Interesting to see regular expressions bubble to the surface again. It’s clearly an itch evolution needs to scratch. The NSRegular expression class is not at all as lightweight as regular expressions deserve to be and while it could be improved with a few well chosen extensions its use of NSString under the covers makes it subject to speed regressions if you try to process large amounts of data. I’d like to throw a few ideas into the mix.
First, for me, the focus is not regex literals themselves that is interesting though it wold be nice if they could be validated at compile time by and flagging them with a special syntax. /regex/ seems a good precedent to pick up if not particularly Swifty. It would be subject to many of the escaping concerns of strings themselves so I’d suggest the option of an analogue to raw strings of something like #/regex/# to use in practice.

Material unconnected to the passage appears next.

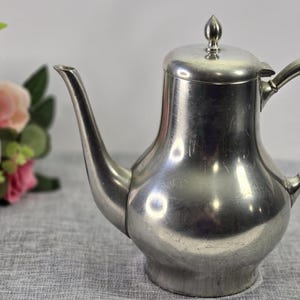 Cafetera de peltre vintage, tetera/servidor de metal holandés de mediados de siglo, decoración de cocina estilo granja retro, jarra con tapa abatible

What is of interest is how regexes combine for the basic operations of match, iterate and replace when operating on a target string and I’d like to one more time, float the idea of using subscripting into a string with a regex. Why on earth subscripts I hear you say? They have the advantage that they are atomic and not subject to operator precedence but also they have a unique property that while they are effectively a function call they are also one that can also be assigned to using its setter. Bear with me, certainly it’s an idea that takes some getting used to but remember there was once a time when subscripts where only for arrays and and accessing dictionary values using subscript syntax was novel and perhaps non-intuitive. Not currently an idiom in any language I’m aware of, there’s almost a mangled logic to it — what else would you use to refer to a non-trivial range in a String other than a regular expression?
Fleshing out the idea...
Since generic subscripts became available in Swift it possible to concoct something along the lines of
let datePattern = #"(\d{4})-(\d{2})-(\d{2})"#
let date = "2018-01-01"
if let (year, month, day): (String, String, String) = date[datePattern] {
print( year, month, day )
}
Using the symmetry of subscripts its possible to write a tuple back into a string
var date2 = "0000-00-00"
date2[datePattern] = ("2018", "01", "01")
XCTAssertEqual(date, date2)
Finally, for iterating the following also works:
let dates = "2018-01-01 2019-02-02 2020-03-03"
for (year, month, day): (String, String, String) in dates[datePattern] {
print( year, month, day )
}
This isn’t a flight of fantasy. All these constructs already work with Swift as-is using this package (7 stars ). Sure, it would be nice to type check the number of groups in a pattern matches the number of elements in the tuple being used and perhaps have named capture groups or even types other than String but the two ideas are complementary and literals with more smarts can be worked into a more ambitious plan later.